『オール・ユー・ニード・イズ・キル』(原題は”Edge of Tomorrow”)を3D・吹き替え版でみました。話のテンポがとってもいいし、パワードスーツで異星の生物「ギタイ」と戦うアクションシーンもいい感じでかなり楽しめました。以下で簡単に感想を。
これハリウッド版『高機動幻想ガンパレード・マーチ』 じゃねーか!最高だよ!
まず思ったのは、これ設定というか状況が、まんま『高機動幻想ガンパレード・マーチ』じゃねーか!という。と思ったら原作者の方がそれを公言しておりました。
コミックナタリー - [Power Push] 映画「オール・ユー・ニード・イズ・キル」特集、原作者・桜坂洋が発想の源泉と映像化への期待を語る (2/3)
──「All You Need Is Kill」は、登場人物が同じ時間を何度も繰り返すいわゆる「ループもの」にカテゴライズされる作品だと思いますが、「ループ」をテーマにした理由からお伺いできますか。
桜坂 2000年くらいですかね、「高機動幻想ガンパレード・マーチ」っていうループを題材にしたゲームのプレイ日記をWEBで読んで、そこから着想を得たんです。書こうと決めてからは、とにかくそういうテーマの作品を読んだり見たりしようと思ったんですが、まあ情報を集めるのが大変でした。
原作者の方が言ってんならそうだよなーと思いつつも、この『オール・ユー・ニード・イズ・キル』、僕は桜坂洋さんの原作未読、ヤングジャンプに連載されていた漫画版は読んでいる、という感じなんですけど、正直漫画版を読んだ時はそんなにガンパレっぽさを感じなかったんですよね。でも映画版ではそれを強く感じた。それは地図だったりで人類の戦況とかを語っている冒頭のシーンが印象的だったからというのがひとつ。下のはガンパレの画面。本作だとここまでは追い詰められてませんでしたね。この冒頭の説明のスピーディな感じは『パシフィック・リム』を連想したりも。

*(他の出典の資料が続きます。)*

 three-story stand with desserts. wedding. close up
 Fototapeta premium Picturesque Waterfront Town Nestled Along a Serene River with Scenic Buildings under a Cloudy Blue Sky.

でそんな地図より何より、作中のリセットの潔さ、スピード感とか、その「ゲーム感覚」がガンパレを連想させた一番大きい要因なんじゃないかと。「あ、ダメだ」と思った瞬間なんの躊躇もなくトム・クルーズをぶっ殺す、エミリー・ブラント演じる歴戦の兵士、リタ・ヴラタスキ。彼女の姿に、ガンパレで壬生屋が戦死するたびに最後にセーブしたのはいつだろうかと不安になりながらリセットした自分を重ねるゲーマーは少なくないと思いますよ(適当)。なんの躊躇もしないあたりリタの振る舞いは完全にハードゲーマーのそれですよ。作業としてゲームをやってて目標に到達できないと踏んだら即リセットする感じ。ゲームは遊びじゃねえんだ!みたいな鬼気迫る雰囲気を感じる。

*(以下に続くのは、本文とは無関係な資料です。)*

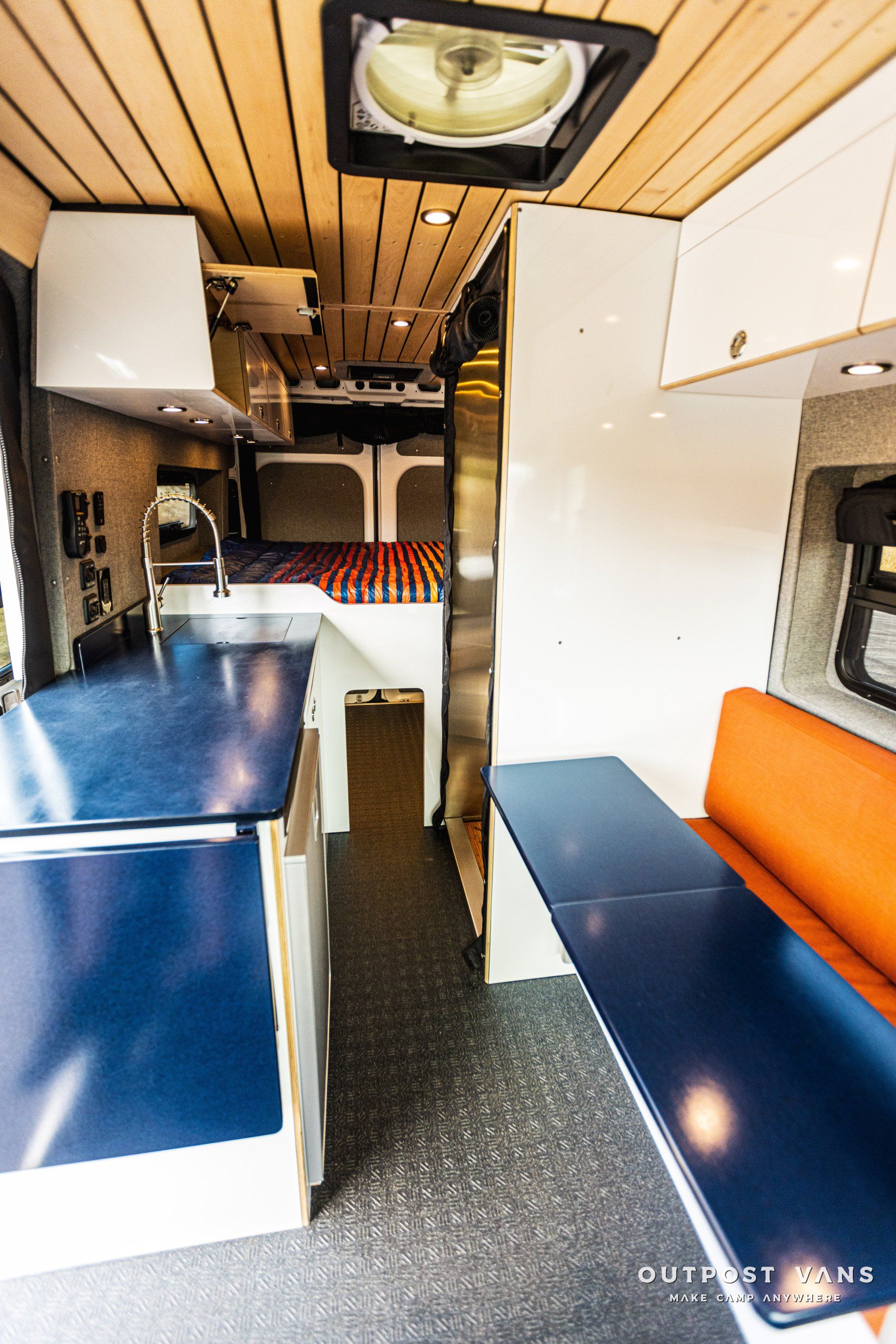 the inside of a camper van with a table and a sink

その軽薄なゲーム感覚のおかげで、出口の見えない苦しい戦いを、結構気楽に見れたりもする。その「苦しさ」が全面にでるシーンももちろんあるんだけど、ギャグのほうが印象的だったり。多分その軽薄さは作ってる人たちの意図するところだとも思うんですよね。じゃなかったら、
リタのピストル「バン!」(トム死亡)
軍曹「ウジムシ!」(トム起きる)
リタのピストル「バン!」(トム死亡)
軍曹「ウジムシ!」(トム起きる)
リタのピストル「バン!」(トム死亡)
軍曹「ウジムシ!」(トム起きる)...
みたいなギャグを挿まないんじゃねーかと。ここは本当に最高だった。あと
大塚芳忠「あいつ、そんなに腕立ていやだったのか...」
みたいな。死を大真面目に扱うのでなく、ゲームチックに、軽薄に扱って見せるその演出が、終盤、もう後がなくなった時のハラハラ感を効果的に煽っている。いやー、ほんとに楽しかったです。最後もパシリムかよ!X-MENかよ!都合良すぎだろってなりましたけどね、楽しかったんですよほんとに。